Would you retype, word for word, only the lines from the one holding "Mango Body Cream by Sweetgrass Soap" through the final line of the entries below, without the pictures?

━━━━━━━━━━━━━━━━━━━━━━━━━━━━━━

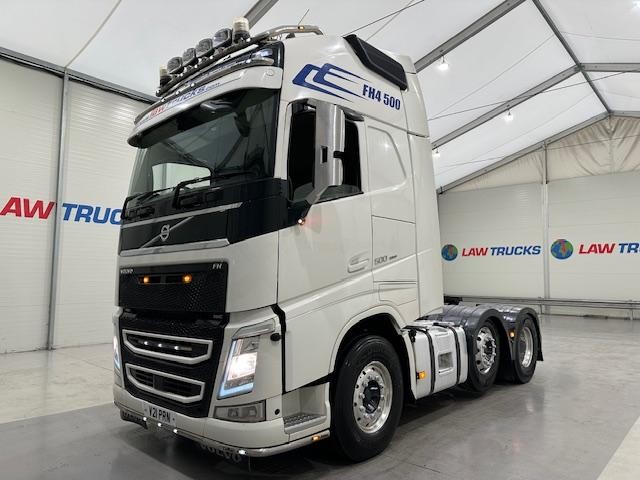 Volvo FH 500 GTXL 6x2 Midlift Tractor Unit PTO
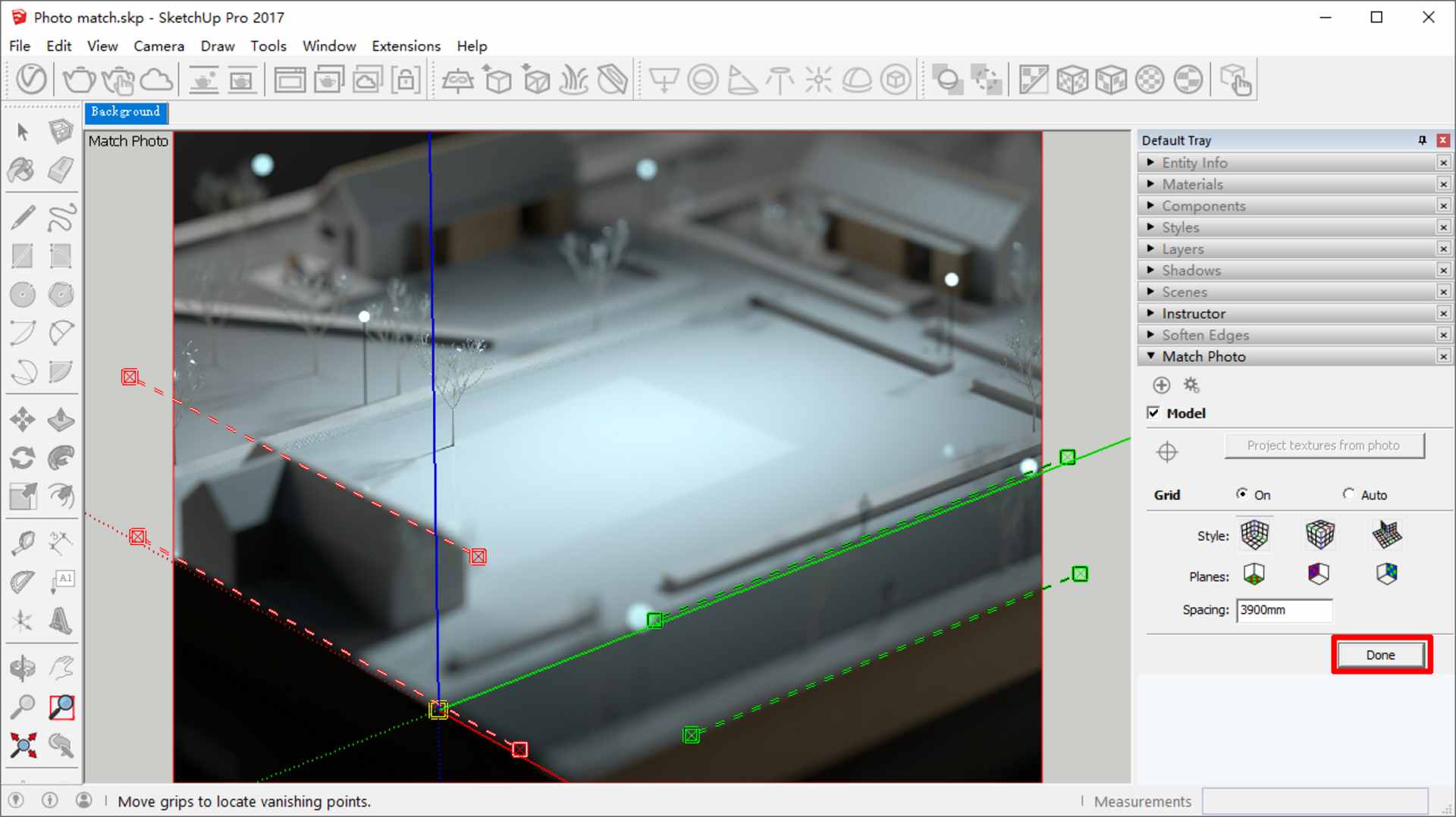 How to render an architectural scale model in V-Ray for SketchUp 2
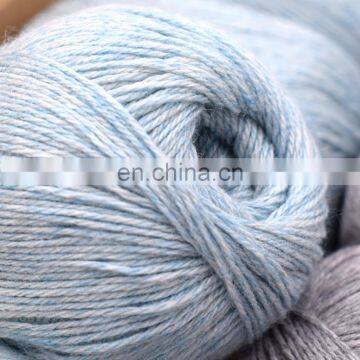 OEM High Quality Soft 3ply 50g Angora Rabbit Wool for Hand Knitting photo-4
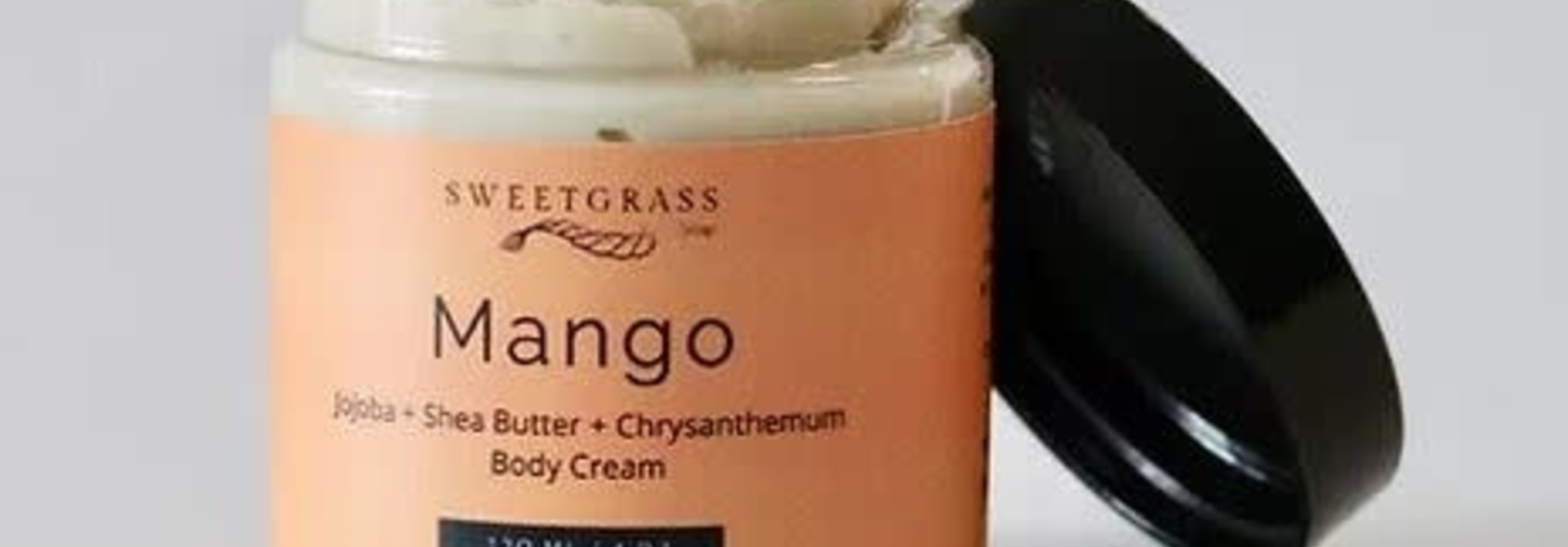 Mango Body Cream by Sweetgrass Soap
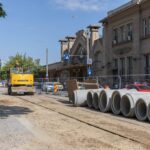 Canalizare veche de 100 de ani, modernizată la Gara de Nord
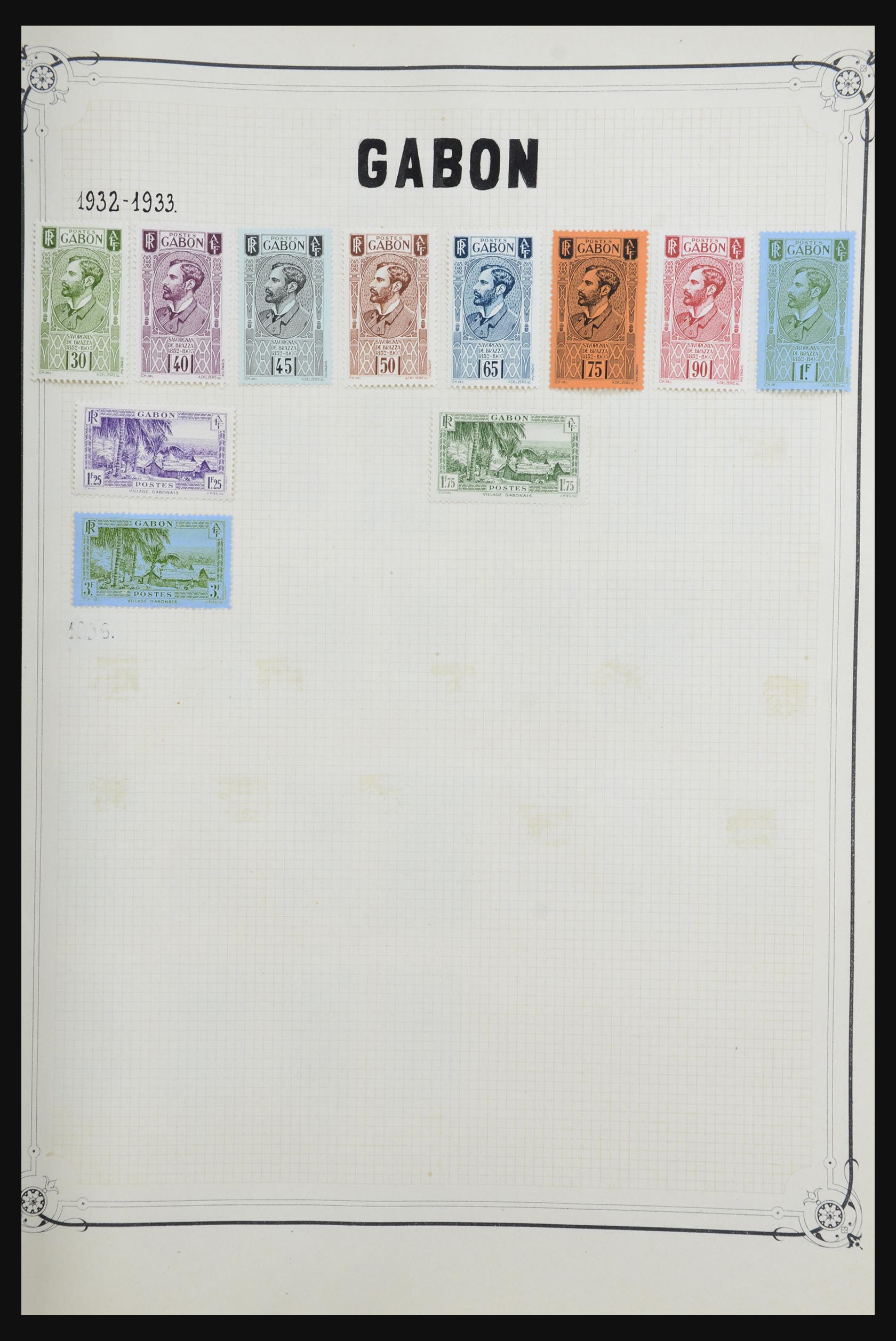 32326 058 - 32326 French colonies in Africa 1859-1960.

━━━━━━━━━━━━━━━━━━━━━━━━━━━━━━

» **Response to this task**:
 Mango Body Cream by Sweetgrass Soap
 Canalizare veche de 100 de ani, modernizată la Gara de Nord
 32326 058 - 32326 French colonies in Africa 1859-1960.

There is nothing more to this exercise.